◆ EXERCISE DATA ◆
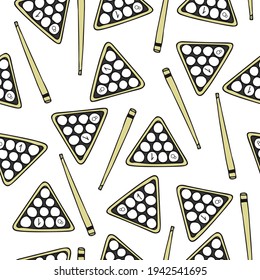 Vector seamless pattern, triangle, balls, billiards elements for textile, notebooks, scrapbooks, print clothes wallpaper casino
---
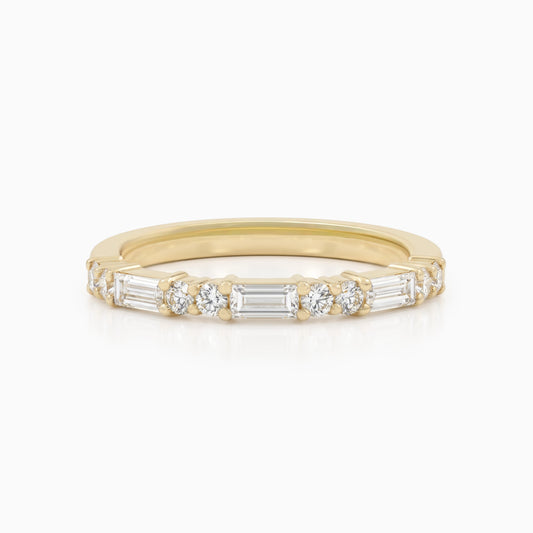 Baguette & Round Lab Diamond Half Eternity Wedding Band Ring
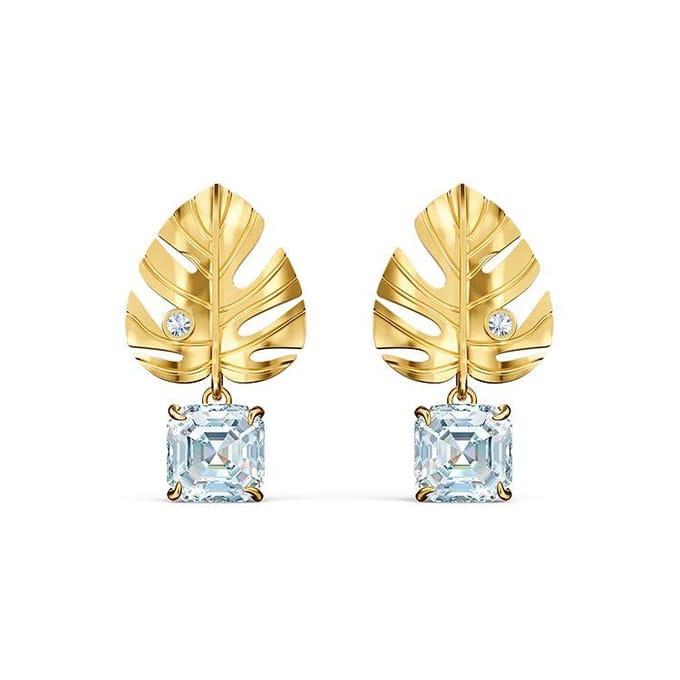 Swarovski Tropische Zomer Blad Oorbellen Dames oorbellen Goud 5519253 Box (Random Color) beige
...
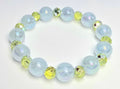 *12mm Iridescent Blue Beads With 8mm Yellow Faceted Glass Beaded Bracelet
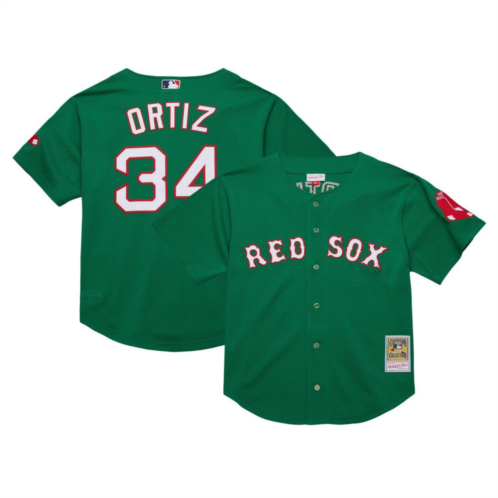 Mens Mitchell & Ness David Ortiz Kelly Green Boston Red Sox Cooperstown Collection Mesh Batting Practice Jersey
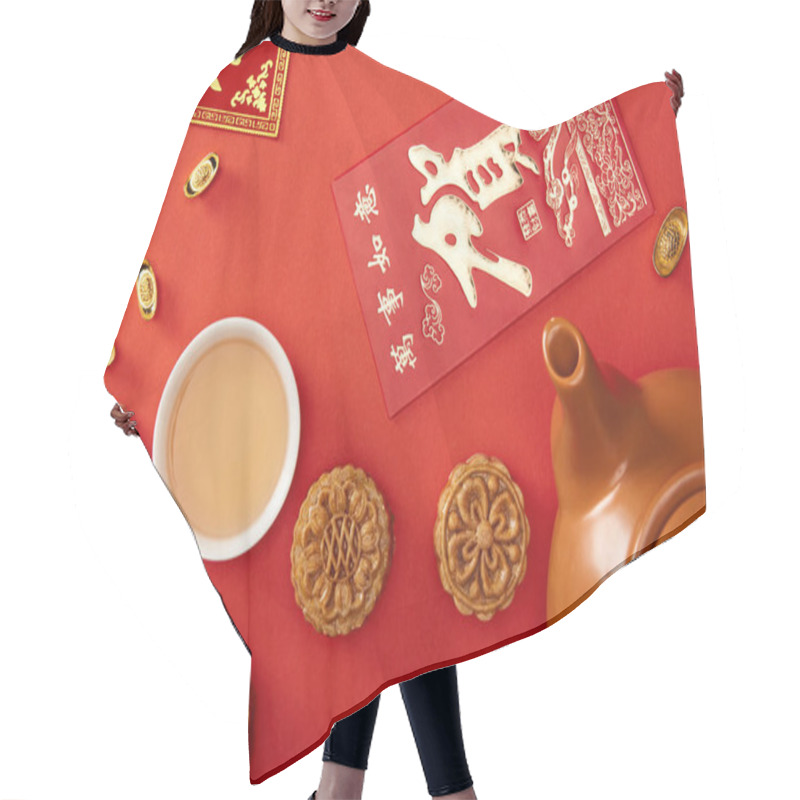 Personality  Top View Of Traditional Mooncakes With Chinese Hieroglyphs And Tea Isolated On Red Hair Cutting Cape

◆ TRY IT ◆
In the listing above, find the line with "Mens Mitchell &" and the line with "Hair Cutting Cape". Copy both of them and every line between, exactly, but not the pictures.

◆ ANSWER TO THE PROBLEM ◆
 Mens Mitchell & Ness David Ortiz Kelly Green Boston Red Sox Cooperstown Collection Mesh Batting Practice Jersey
 Personality  Top View Of Traditional Mooncakes With Chinese Hieroglyphs And Tea Isolated On Red Hair Cutting Cape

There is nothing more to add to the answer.